I think cascading is a bad default. It's useful, but only sometimes, and often causes headaches like unintended coupling and confusion about why rules are being overridden. The utility class approach (like Tailwind) makes a lot of issues like this go away. I don't see a good reason why the traditional approach is worth the extra pain or discipline.

Klonoar · 3 months ago
Yes.

The cascade model is a bad design.

Havoc · 3 months ago
Yeah think it’s best to push html css js to the limit & avoid frameworks unless obviously needed. They’re just such a rabbit hole of complexity fragility and lately supply chain risk
tyleo · 3 months ago
I mostly agree.
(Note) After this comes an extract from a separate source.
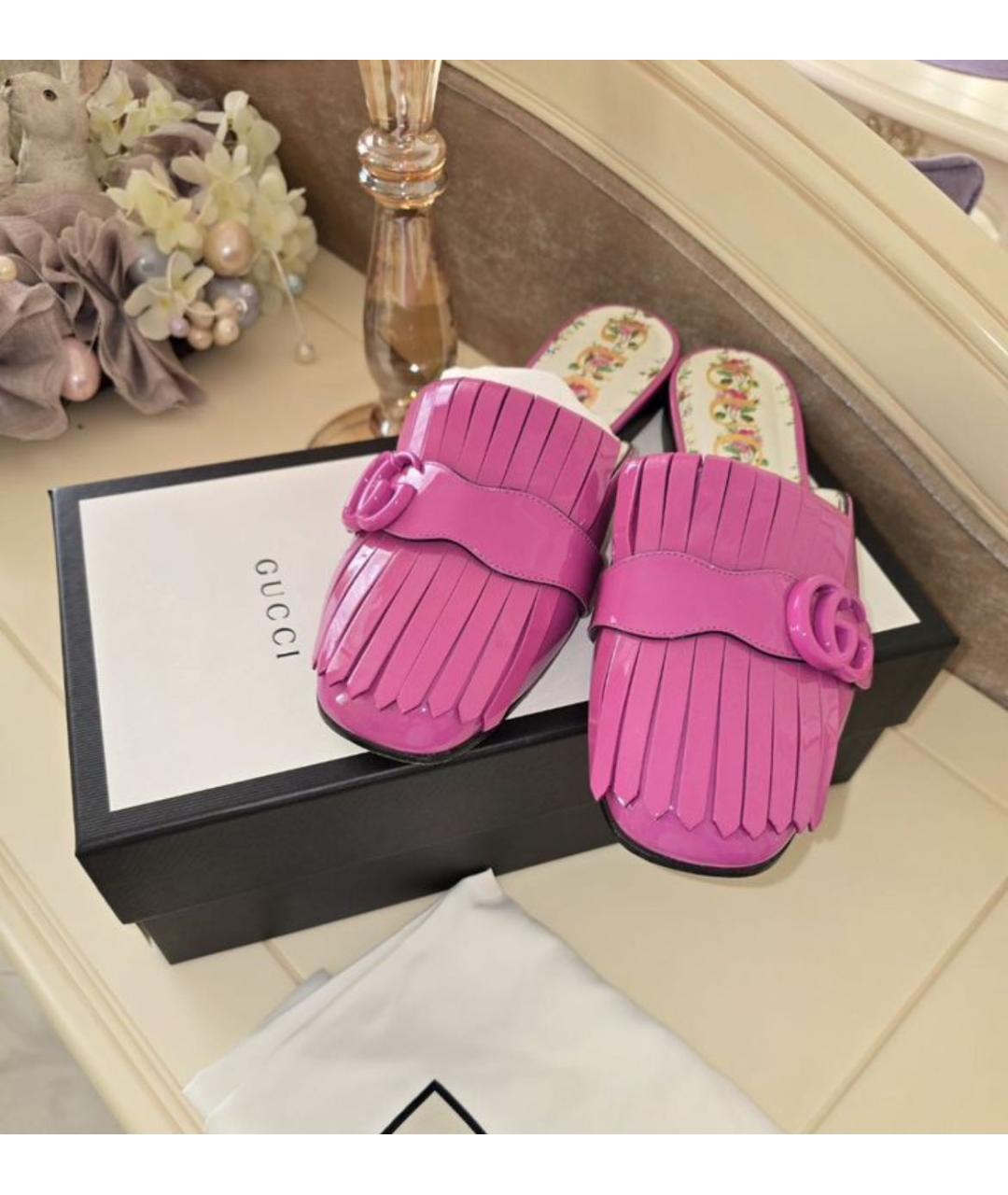 GUCCI Розовые кожаные мюли, фото 3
I prefer vanilla CSS to frameworks but I find a lot of value in CSS modules.

In particular I use:

1. The `composes` feature to do something like base classes.
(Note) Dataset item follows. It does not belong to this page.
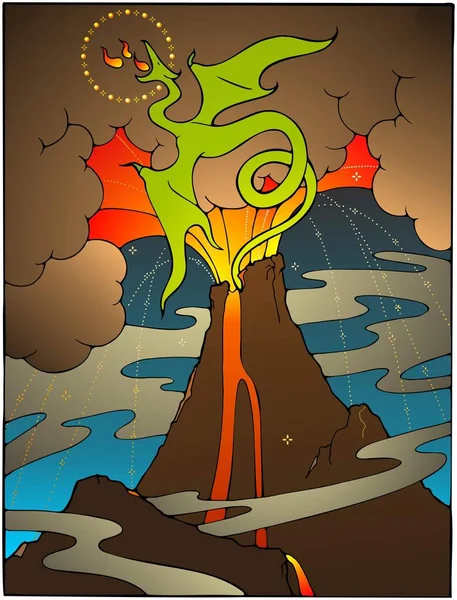 噴火した火山から上がる火の呼吸竜 — ストックベクタ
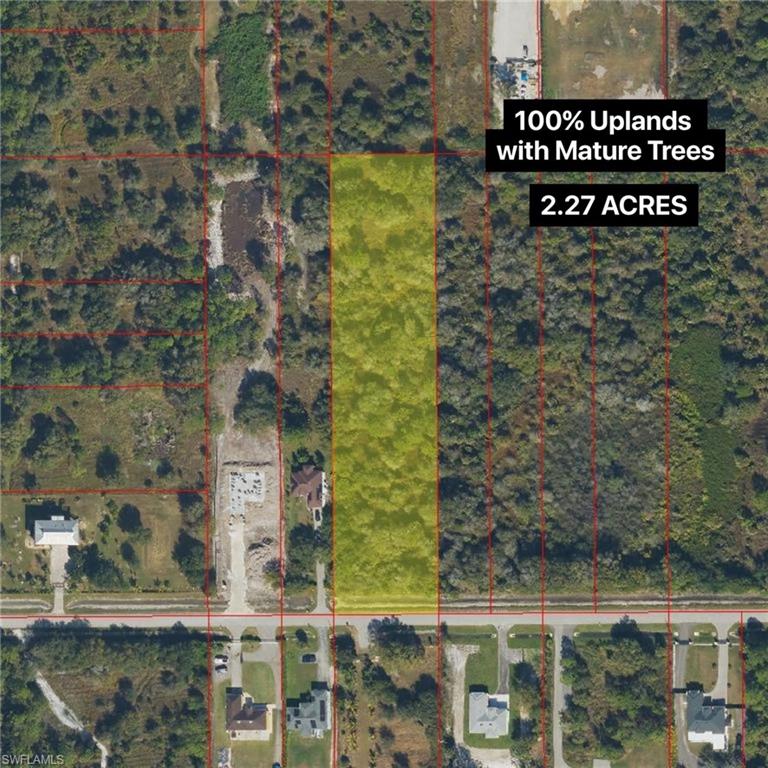 Aerial Property Map. Displaying a highlighted parcel of 2.27 acres with uplands and established tree cover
2. The import feature to get something like namespacing.

Given the recent advancements in CSS, I won’t be surprised if they eventually build something like `composes` into the base language.

The namespacing seems more like an artifact of how you package your website and how you stay organized within your package system (I use webpack).

charlie-83 · 3 months ago
I like the idea of using vanilla CSS for my personal website but, not being a designer, making something that looks good from nothing is difficult. I've looked at some templates to get started with but they are generally a mess of a million classes I don't need
chistev · 3 months ago
I used to be like this, until I realized Tailwind makes me faster.
morcus · 3 months ago
In the context of determining responsive layout:

> Using characters as the unit of measure ensures that we get the right behavior no matter which device you’re using and in a number of other scenarios such as multitasking on iPad or even if you simply enlarge the font size past a certain point.

Nice idea! I haven't seen this before.

roryokane · 3 months ago
The section “Utility Classes: Yes, They Still Exist” is unfair in its comparison of Tailwind with pure CSS. It doesn’t take into account Tailwind’s recommendation in https://tailwindcss.com/docs/styling-with-utility-classes#us... that “if you need to reuse some styles across multiple files, the best strategy is to create a component” in your front-end framework or templating language. So its example of a “typical Tailwind component” is incomplete.

A better comparison would use, for example, a React component:

  function Button({ children }) {
    return (
      <button
        className="inline-flex items-center gap-2 px-4 py-2 rounded-full
                   border border-gray-300 bg-white text-gray-900
                   hover:bg-gray-50 focus:ring-2 focus:ring-blue-500"
      >
        {children}
      </button>
    );
  }
  
  // Usage:
  <Button>Save</Button>
This would counter all of the article’s arguments in favor of pure CSS. If the website used a `Button` component like this, it would also be true that the “HTML stays readable”, that “changes cascade”, that “variants compose”, and that “media queries live with components”.

A better argument against Tailwind would be the added complexity of having a build system and a front-end framework or templating language, if your project doesn’t already have those for other reasons.